About half of the adult U.S. population will have obesity and about a quarter will have severe obesity by 2030, according to a new study led by Harvard T.H. Chan School of Public Health.
The study also predicts that in 29 states, more than half of the population will have obesity, and all states will have a prevalence of obesity higher than 35%. The study’s researchers estimate that, currently, 40% of American adults have obesity and 18% have severe obesity.
The study was published in the December 19, 2019 issue of the New England Journal of Medicine.

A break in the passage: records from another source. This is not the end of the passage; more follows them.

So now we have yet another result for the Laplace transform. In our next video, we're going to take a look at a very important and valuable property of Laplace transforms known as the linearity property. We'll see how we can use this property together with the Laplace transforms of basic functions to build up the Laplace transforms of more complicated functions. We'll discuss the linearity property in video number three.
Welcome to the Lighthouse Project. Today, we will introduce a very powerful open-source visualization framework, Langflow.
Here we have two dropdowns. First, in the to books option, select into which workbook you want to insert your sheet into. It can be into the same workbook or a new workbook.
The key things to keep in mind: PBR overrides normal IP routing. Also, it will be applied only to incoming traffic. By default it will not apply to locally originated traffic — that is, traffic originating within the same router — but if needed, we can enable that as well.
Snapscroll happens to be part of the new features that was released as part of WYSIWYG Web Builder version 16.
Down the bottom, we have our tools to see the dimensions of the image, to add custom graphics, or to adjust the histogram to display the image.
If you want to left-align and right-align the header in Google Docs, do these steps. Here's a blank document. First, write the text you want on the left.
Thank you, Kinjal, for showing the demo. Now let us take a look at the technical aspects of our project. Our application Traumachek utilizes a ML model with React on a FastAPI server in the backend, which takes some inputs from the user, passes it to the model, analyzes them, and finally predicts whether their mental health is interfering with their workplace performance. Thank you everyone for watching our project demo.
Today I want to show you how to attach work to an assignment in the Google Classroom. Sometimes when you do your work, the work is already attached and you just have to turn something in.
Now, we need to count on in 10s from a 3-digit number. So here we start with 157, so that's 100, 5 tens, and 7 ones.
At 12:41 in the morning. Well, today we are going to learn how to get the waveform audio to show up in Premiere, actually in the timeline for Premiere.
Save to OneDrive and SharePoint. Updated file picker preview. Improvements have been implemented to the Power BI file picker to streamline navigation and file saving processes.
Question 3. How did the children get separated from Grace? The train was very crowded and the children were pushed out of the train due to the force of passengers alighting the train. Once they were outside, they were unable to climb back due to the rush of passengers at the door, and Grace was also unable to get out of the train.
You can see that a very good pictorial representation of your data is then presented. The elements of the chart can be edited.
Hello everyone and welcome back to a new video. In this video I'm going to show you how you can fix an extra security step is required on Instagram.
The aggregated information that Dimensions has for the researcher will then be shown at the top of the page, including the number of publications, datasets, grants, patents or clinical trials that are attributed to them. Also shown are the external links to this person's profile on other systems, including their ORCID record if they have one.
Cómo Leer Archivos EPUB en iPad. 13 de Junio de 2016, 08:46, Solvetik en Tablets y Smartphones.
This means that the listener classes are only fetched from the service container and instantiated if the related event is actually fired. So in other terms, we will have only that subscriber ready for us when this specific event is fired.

The researchers said the predictions are troubling because the health and economic effects of obesity and severe obesity take a toll on several aspects of society. “Obesity, and especially severe obesity, are associated with increased rates of chronic disease and medical spending, and have negative consequences for life expectancy,” said Steven Gortmaker, professor of the practice of health sociology at Harvard Chan School and senior author of the study.
For the study, the researchers used self-reported body mass index (BMI) data from more than 6.2 million adults who participated in the Behavioral Risk Factor Surveillance System Survey (BRFSS) between 1993 and 2016. Body mass index (BMI) is calculated by dividing a person’s weight in kilograms by the square of their height in meters. Obesity is defined as a BMI of 30 or higher, and severe obesity is a BMI of 35 or higher.
Self-reported BMIs are frequently biased, so the researchers used novel statistical methods to correct for this bias.
The large amount of data collected in the BRFSS allowed the researchers to drill down for obesity rates for specific states, income levels, and subpopulations.
The results showed that by 2030, several states will have obesity prevalence close to 60%, while the lowest states will be approaching 40%. The researchers predicted that nationally, severe obesity will likely be the most common BMI category for women, non-Hispanic black adults, and those with annual incomes below $50,000 per year.
“The high projected prevalence of severe obesity among low-income adults has substantial implications for future Medicaid costs,” said lead author Zachary Ward, programmer/analyst at Harvard Chan School’s Center for Health Decision Science. “In addition, the effect of weight stigma could have far-reaching implications for socioeconomic disparities as severe obesity becomes the most common BMI category among low-income adults in nearly every state.”
Ward and his co-authors said that the study could help inform state policy makers. For example, previous research suggests that sugar-sweetened beverage taxes have been an effective and cost-effective intervention for curtailing the rise in obesity rates. “Prevention is going to be key to better managing this epidemic,” said Ward.